About two days after the election, the sinking feeling in my stomach bloomed into a story. Not my story, nothing I created, but my heart and soul riffled through that memory box I call a brain and gave me a place and a way to express my feelings—or to let beloved author Ursula Le Guin do it for me. Like a punch in the heart, I remembered the central image to the story and what it meant in the context of the election and the hard times that are coming. Weeks later, after countless observations and conversations, the story looms bigger and bigger and won’t leave me.
The story, The Ones Who Walk Away from Omelas, first appeared in the anthology The Wind’s Twelve Quarters: Short Stories. If you haven’t read it, it’s here (it’s very short):
When I was much younger, I believed the ones who walked away were the brave ones—leaving an impossible situation for potentially dangerous one, throwing themselves from the luxury and safety of Omelas into the unknown world because they can’t accept what keeps Omelas Omelas. I read it in high school and likely that’s where my perspective came from—a teenager on the brink.
Now it makes me angry to think about it in the context of the election—that rights and issues so hard-fought for might be lost (reproductive choice, marriage equality, religious freedom, sanctuary for refugees, etc.) as the constitution, among other things, is pillaged by a bunch of marauding…well, you know.
And the Omelians—look how they’re reacting. They don’t see it because they don’t want to see it, because they can live with it, or they see it as a convenient lie because we’re a bunch of crybabies whose candidate lost the election.
God, I hate that line.
My boyfriend is a journalist—and painfully meticulous, fact-based, balanced reporting is his heart and soul. I get to hear what his personal reality is and see how this election has torn him apart. His job sent him to rallies where people wore T-shirts that proclaimed “A journalist, a rope, and a tree.”
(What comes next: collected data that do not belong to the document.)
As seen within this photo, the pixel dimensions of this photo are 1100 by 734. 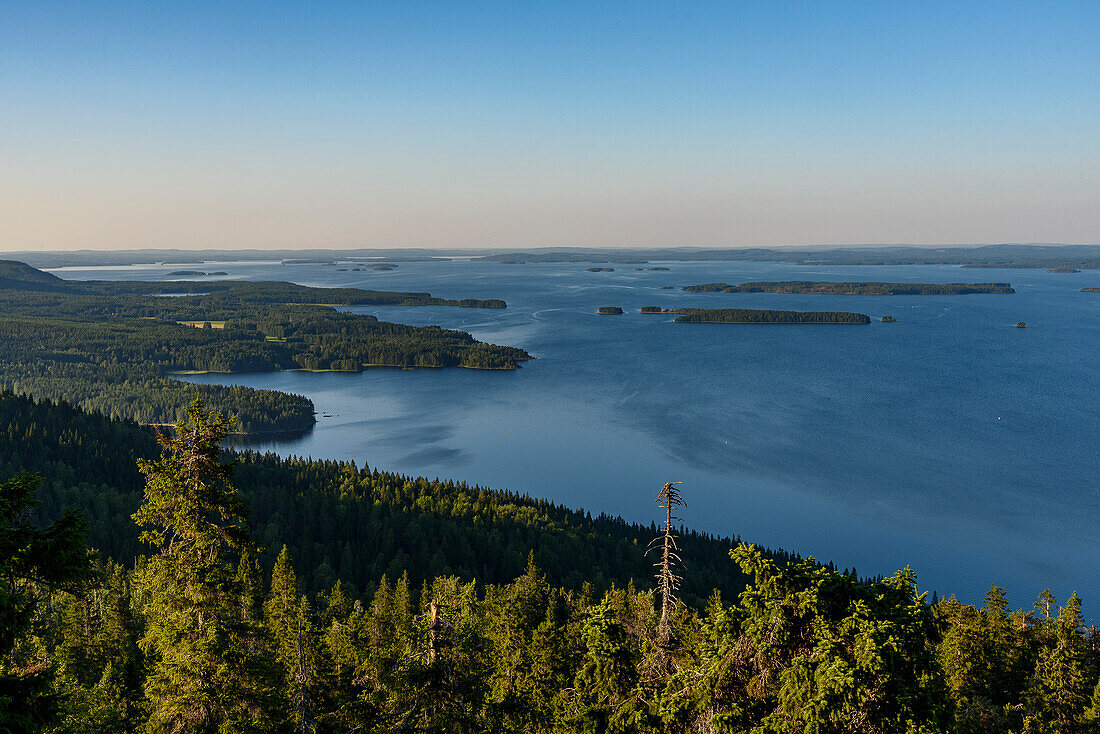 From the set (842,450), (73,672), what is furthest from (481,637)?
(842,450)

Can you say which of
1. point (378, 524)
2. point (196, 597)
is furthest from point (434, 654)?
point (378, 524)

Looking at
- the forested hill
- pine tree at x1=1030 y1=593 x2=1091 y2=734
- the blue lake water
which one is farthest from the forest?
the blue lake water

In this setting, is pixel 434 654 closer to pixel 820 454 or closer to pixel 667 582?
pixel 667 582

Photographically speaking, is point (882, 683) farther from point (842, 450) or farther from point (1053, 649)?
point (842, 450)

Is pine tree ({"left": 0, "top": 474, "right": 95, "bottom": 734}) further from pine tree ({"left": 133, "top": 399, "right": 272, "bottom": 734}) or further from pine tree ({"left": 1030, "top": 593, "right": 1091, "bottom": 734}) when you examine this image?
pine tree ({"left": 1030, "top": 593, "right": 1091, "bottom": 734})

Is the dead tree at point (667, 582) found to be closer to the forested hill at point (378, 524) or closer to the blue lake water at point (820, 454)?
the forested hill at point (378, 524)

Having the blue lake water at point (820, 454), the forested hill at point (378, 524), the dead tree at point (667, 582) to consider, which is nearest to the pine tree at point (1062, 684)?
the dead tree at point (667, 582) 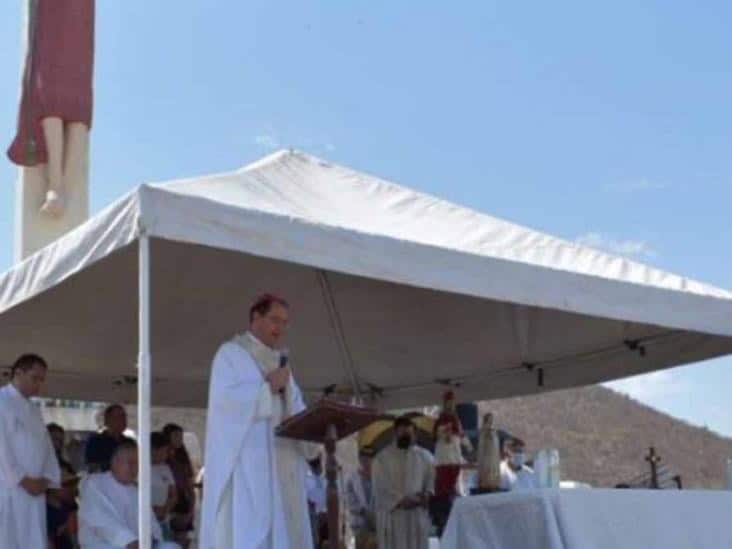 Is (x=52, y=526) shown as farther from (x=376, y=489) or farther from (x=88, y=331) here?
(x=376, y=489)

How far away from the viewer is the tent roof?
5836mm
Free Speech. Hate speech. Is it that hard to tell the difference?
We live with this sword of Damocles over our heads, with this sick feeling in our stomachs, because we’re all here in the same boat, man. There are men and women standing over us with power in their hands and greed in the sacs of I-don’t-know-what they call hearts, and they have no souls. They fight on twitter like 7th graders (nothing against 7th graders, just sayin’) and plot to take away from everyone, to make our lives so much less. Because they can. And I feel like less because there’s nothing I can do about it, and they’re supposed to represent us.
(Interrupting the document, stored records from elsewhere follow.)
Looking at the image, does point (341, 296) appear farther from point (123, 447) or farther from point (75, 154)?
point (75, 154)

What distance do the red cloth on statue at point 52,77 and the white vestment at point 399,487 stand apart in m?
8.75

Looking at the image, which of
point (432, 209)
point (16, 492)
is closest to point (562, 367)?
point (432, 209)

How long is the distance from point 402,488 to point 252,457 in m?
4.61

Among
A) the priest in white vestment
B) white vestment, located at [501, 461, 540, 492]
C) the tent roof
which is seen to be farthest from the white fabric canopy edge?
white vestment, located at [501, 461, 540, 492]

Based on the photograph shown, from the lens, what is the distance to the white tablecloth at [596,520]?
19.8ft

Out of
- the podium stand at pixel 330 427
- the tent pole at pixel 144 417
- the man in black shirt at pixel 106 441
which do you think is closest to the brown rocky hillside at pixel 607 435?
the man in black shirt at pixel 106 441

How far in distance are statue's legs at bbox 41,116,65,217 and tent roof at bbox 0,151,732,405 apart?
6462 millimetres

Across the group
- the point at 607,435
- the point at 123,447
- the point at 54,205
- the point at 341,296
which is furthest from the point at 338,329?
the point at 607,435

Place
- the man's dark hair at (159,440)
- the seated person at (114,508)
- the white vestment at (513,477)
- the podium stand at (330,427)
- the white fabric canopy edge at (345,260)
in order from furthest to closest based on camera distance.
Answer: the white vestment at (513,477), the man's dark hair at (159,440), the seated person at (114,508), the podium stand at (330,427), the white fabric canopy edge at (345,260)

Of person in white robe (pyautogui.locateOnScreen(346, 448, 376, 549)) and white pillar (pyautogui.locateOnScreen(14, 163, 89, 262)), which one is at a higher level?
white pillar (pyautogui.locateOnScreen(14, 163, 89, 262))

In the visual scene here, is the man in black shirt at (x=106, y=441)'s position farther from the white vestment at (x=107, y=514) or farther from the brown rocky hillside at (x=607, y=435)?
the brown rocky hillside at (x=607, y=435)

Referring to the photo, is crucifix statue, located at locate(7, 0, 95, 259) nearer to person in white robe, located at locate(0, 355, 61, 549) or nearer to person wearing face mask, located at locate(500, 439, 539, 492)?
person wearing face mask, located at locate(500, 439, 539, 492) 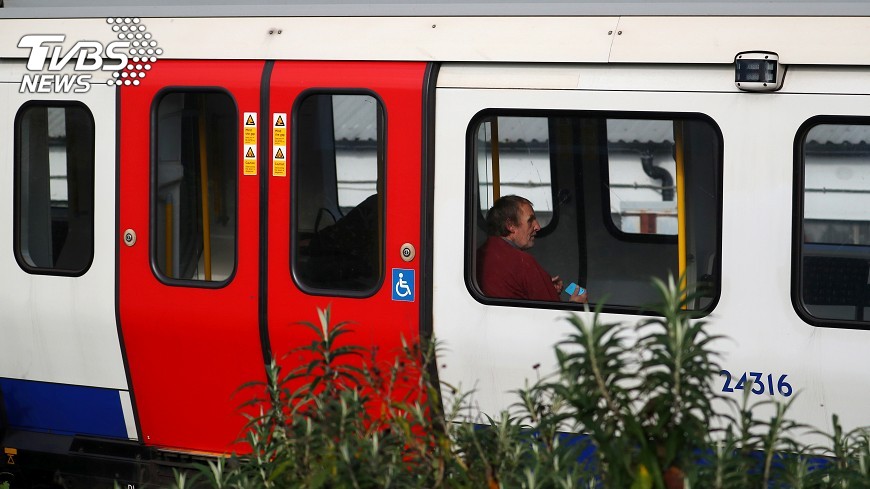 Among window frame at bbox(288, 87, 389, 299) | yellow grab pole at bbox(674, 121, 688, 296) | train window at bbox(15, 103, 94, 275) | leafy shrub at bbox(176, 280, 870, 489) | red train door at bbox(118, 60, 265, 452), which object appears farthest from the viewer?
train window at bbox(15, 103, 94, 275)

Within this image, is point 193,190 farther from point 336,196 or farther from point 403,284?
point 403,284

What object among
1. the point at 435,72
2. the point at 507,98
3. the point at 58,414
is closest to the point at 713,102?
the point at 507,98

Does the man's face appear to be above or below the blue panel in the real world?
above

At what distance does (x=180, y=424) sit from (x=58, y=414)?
2.56 feet

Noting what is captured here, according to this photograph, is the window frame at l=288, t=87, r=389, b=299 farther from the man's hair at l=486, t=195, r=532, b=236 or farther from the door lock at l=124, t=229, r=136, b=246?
the door lock at l=124, t=229, r=136, b=246

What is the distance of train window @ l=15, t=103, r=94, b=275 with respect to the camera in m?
6.12

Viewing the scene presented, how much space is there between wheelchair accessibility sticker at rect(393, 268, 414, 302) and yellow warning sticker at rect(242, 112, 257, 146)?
101cm

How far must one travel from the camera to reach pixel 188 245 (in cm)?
602

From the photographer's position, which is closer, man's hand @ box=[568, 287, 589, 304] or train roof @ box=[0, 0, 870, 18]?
train roof @ box=[0, 0, 870, 18]

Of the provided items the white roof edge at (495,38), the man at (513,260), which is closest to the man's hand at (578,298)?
the man at (513,260)

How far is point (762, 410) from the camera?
507 centimetres

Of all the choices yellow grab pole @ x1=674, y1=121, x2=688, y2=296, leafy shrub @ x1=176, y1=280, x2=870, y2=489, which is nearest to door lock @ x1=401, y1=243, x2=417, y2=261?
yellow grab pole @ x1=674, y1=121, x2=688, y2=296

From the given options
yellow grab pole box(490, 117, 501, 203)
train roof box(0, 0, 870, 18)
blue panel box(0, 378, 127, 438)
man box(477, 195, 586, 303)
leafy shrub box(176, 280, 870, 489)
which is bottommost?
blue panel box(0, 378, 127, 438)

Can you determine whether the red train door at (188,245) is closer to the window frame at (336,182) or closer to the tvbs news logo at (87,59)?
the tvbs news logo at (87,59) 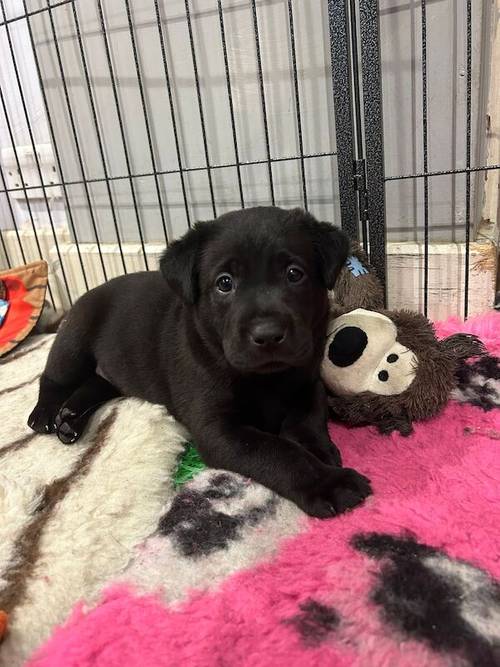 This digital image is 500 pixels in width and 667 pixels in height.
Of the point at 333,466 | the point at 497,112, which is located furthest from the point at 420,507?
the point at 497,112

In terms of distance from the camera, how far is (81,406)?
1580 millimetres

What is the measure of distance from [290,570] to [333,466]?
29cm

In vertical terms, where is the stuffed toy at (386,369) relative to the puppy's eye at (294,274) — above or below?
below

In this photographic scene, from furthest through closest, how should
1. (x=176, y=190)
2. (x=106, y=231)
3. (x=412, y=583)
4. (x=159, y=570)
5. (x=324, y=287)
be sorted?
(x=106, y=231) < (x=176, y=190) < (x=324, y=287) < (x=159, y=570) < (x=412, y=583)

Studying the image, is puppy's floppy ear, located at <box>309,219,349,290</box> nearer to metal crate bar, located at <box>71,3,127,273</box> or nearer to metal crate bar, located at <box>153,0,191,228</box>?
metal crate bar, located at <box>153,0,191,228</box>

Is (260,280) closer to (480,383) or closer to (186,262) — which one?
(186,262)

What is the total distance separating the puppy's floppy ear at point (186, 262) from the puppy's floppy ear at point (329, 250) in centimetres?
27

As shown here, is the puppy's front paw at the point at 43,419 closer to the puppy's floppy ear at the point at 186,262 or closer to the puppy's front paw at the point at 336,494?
the puppy's floppy ear at the point at 186,262

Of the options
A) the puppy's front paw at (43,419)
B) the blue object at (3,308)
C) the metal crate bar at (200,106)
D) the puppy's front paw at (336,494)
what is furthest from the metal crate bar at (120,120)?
the puppy's front paw at (336,494)

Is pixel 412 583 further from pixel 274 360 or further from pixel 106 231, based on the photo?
pixel 106 231

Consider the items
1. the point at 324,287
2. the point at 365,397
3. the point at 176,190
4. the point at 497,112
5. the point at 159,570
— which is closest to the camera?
the point at 159,570

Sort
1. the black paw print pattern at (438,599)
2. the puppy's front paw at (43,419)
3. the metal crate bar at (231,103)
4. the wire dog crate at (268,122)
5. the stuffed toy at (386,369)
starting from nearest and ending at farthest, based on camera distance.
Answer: the black paw print pattern at (438,599) → the stuffed toy at (386,369) → the puppy's front paw at (43,419) → the wire dog crate at (268,122) → the metal crate bar at (231,103)

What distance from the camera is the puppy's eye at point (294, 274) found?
1.22m

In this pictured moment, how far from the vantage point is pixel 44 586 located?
36.9 inches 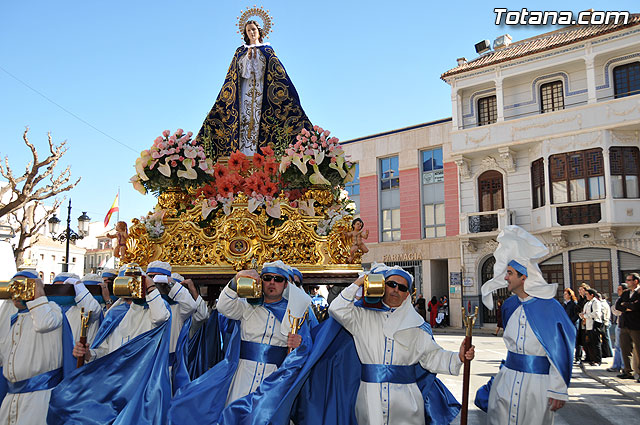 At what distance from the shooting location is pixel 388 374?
4.14 metres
In order to make myself heard, I’m giving what I can to the ACLU, Planned Parenthood, and the Trevor Project. I plan on going to the Women’s March in Boston in January (brrr). I’m going to stay more informed. I’m not going to let any of my friends or family hide behind fake news. I wish I could do more, but anything is better than nothing.
I’m sad and angry because we were making such progress yet now we have these Orwellian shadows looming around us.
These days, I know the ones who walk away from Omelas are just as guilty as the ones who stay.
Don’t be an Omelian—make yourself heard.